KHN Morning Briefing

Summaries of health policy coverage from major news organizations

State Roundup: Pa. May Put Half Of AdultBasic Members On Medicaid

The Boston Globe: Limits To Save $80M On Health Plan
Regulators in charge of the Massachusetts health insurance law are expected to approve new contracts today that will save the state $80 million, in part by offering a narrower choice of hospitals, physicians, and specialists to thousands of patients insured through the state-subsidized Commonwealth Care program. The new contracts will allow state funding to remain level, even as enrollment in the program is expected to grow from 158,000 low- and moderate-income residents to 175,000 over the next year (Lazar, 4/14).

The Philadelphia Inquirer: Pa. Says Nearly Half Of Dropped AdultBasic Subscribers Might Qualify For Free Medicaid
Six weeks after ending a key health insurance program, the Corbett administration is informing tens of thousands of former subscribers in detailed letters that they might qualify for specific free Medicaid coverage. There is a good likelihood that nearly half of the 41,000 people who lost their adultBasic insurance might be eligible, based on income data and medical records that were used to generate the mailings, according to Jonathan Stein, general counsel for Community Legal Services of Philadelphia (Sapatkin, 4/14). 

The Texas Tribune: Senate Panel OKs Expanding Managed Care to Valley
A bill designed to find cost savings and efficiencies in Texas' costly Medicaid program - and, more controversially, expand managed care into the Rio Grande Valley - is moving to Senate budget writers for consideration. ... It would: Save $290 million over the biennium by expanding Medicaid managed care into the Rio Grande Valley, and counties that currently have a ban on implementation of managed care (Ramshaw, 4/13).

The Boston Globe: Patrick Extols State Health Plan As Model
Governor Deval Patrick delivered a strong report card yesterday for Massachusetts' 2006 health care overhaul while urging opponents of the national plan to turn away from trying to repeal it and focus instead on controlling medical costs. "Health care reform is doing exactly what it was designed to do," said Patrick, in a short speech. "We do indeed lead the nation in providing health care to our residents" (Arsenault, 4/14).

Reuters: Bill Curbing Abortion Insurance Coverage Heads To Okla. Governor
The Oklahoma House approved a bill on Wednesday that prohibits health insurance companies from offering coverage of elective abortions in standard policies sold in the state. Under the bill, approved by an 84-10 vote, people seeking abortion coverage could do so only by paying a separate premium for optional supplemental coverage. The bill has already passed the Oklahoma Senate by a 36-10 vote and now heads to Governor Mary Fallin (Olafson, 4/13). 

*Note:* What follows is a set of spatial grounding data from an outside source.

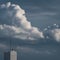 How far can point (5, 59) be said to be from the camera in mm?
161375

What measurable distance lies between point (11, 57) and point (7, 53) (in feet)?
25.3

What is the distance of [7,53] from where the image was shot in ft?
531

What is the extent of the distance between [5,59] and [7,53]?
5258 mm

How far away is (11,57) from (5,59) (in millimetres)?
8303

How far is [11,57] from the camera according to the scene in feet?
511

McClatchy / The Miami Herald: Florida Gov. Scott Closes Deal To Sell His Urgent Care Business
Two weeks after insisting he was "not involved in that company," Gov. Rick Scott finalized a deal Wednesday to sell Solantic Inc., the Jacksonville chain of urgent care clinics he founded. Scott's sale of the company comes as he attempts to distance himself from repeated conflict-of-interest questions about whether the company he started in 2001 - and hoped to develop into a national chain - would benefit from the aggressive health care changes he wants state lawmakers to approve (Bender, 4/14). 

Georgia Health News: Legislative Checkup: How Health Care Issues Have Fared
As it closes this week, the 2011 General Assembly will rank as one of the most important legislative sessions for health care in recent years. ... Major legislative approvals include a bill to create a stand-alone Department of Public Health. ... Another major development came with the revamping of state regulations for assisted living facilities (Miller, 4/13). 

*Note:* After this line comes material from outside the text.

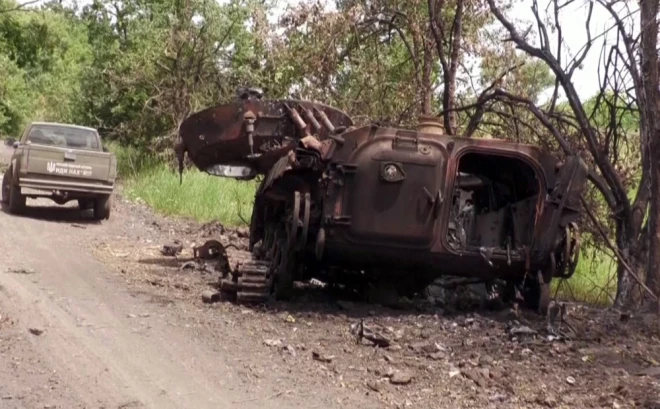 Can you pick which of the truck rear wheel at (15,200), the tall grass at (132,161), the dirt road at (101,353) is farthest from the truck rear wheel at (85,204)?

WBUR: Municipal Health Changes In House Budget Plan Cause Divide
In the Massachusetts House's $30.4 billion budget plan released Wednesday, the major policy change is aimed at saving cities and towns $100 million in health care costs. Under the change, city and town leaders would decide what insurance plans would include and how much employees would pay in co-payments and deductibles - without input from unions (Bebinger, 4/13).

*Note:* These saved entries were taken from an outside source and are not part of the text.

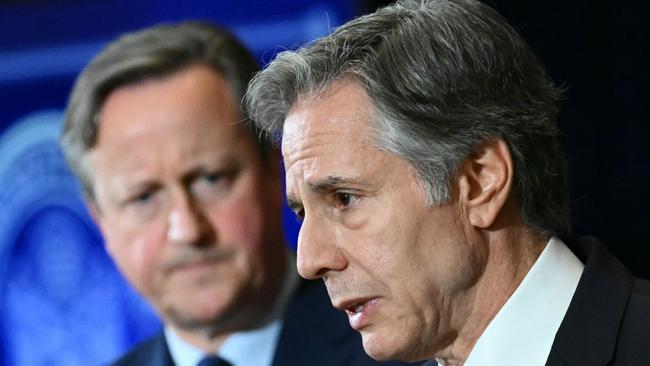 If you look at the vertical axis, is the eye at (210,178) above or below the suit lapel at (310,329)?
above

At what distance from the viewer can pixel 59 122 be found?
114 inches

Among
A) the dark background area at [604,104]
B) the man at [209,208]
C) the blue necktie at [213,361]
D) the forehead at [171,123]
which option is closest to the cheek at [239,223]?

WBUR: Show Us The Money: Global Payments As A Cost-Cutting Tool
Here's the problem: Health care costs are too high. Here's the emerging response: Put doctors and hospitals on budgets and reward them for improving patients' health. ... But setting limits on what we spend on health care is a solution that health insurers are testing and is also the basis for a bill filed by Gov. Deval Patrick. "It's the payment trying to reform the delivery system," explains Patrick's Health and Human Service Secretary JudyAnn Bigby. When asked why she's convinced this is the best way to tackle rising health care costs, Bigby points to other countries and to a health care network in Pennsylvania (Bebinger, 4/13).